The anemia of chronic disease (ACD) is one of the most common types of anemia in the elderly and a frequent cause of morbidity in these patients. Overproduction of pro-inflammatory cytokines has been previously implicated in the pathogenesis of this syndrome, but the precise molecular mechanisms that lead to ineffective erythropoiesis are not known. We have shown that the p38 Map kinase pathway is a common mediator of the effects of different myelossuppressive cytokines on normal erythropoiesis and that its activation is essential for suppression of growth of human erythroid progenitors. We have also demonstrated that pharmacological inhibition of this pathway results in enhanced erythroid colony formation from the bone marrows of patients with ACD, suggesting a key role for this signaling cascade in the pathophysiology of this syndrome. The overall goal of this grant application is to determine the precise role of the p38 pathway in the pathogenesis of the anemias of chronic disease and to identify the mechanisms by which it mediates such effects.

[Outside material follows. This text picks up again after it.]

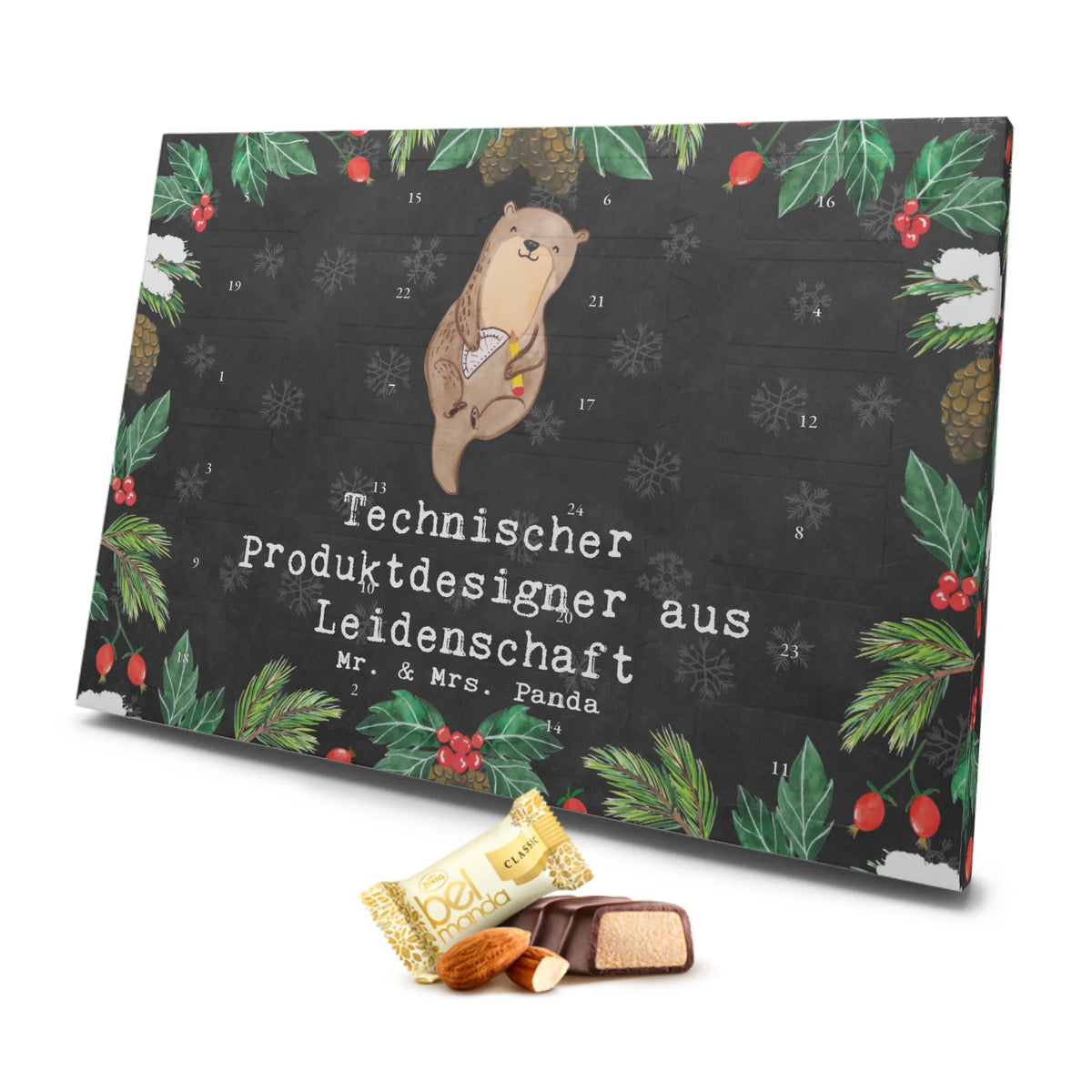 Marzipan Adventskalender Technischer Produktdesigner Leidenschaft Marzipan Adventskalender, Beruf, Ausbildung, Jubiläum, Abschied, Rente, Kollege, Kollegin, Geschenk, Schenken, Arbeitskollege, Mitarbeiter, Firma, Danke, Dankeschön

Specific aim A is to determine the role of p38 in the generation of the effects of the pro-inflammatory cytokine tumor necrosis factor a (TNFa) and the iron-regulatory hormone hepcidin on normal erythropoiesis.
Specific aim B is to define the mechanisms of activation of the p38 pathway in bone marrows from patients with ACD, and to determine whether pharmacological or molecular inhibition of different p38-isotypes enhances the growth of erythroid progenitors from ACD-bone marrows in vitro. This will include studies using a novel inhibitor of p38, SCIO-469, that is currently under clinical development for other entities.
Specific aim C is to dissect the roles of specific downstream effectors of p38 in the suppression of normal erythropoiesis in ACD bone marrows. The activation of known p38-regulated kinases, such as MapKapK2, MapKapKS, Msk1, and Mnk1, will be examined in ACD bone marrows, and their contributions to the suppression of erythropoiesis will be determined. Altogether, these studies should advance our overall understanding of the pathogenesis of chronic anemias in the elderly, and may provide the basis for the future development of novel therapeutic approaches for the treatment of ACD using as targets p38 and/or its effector kinases.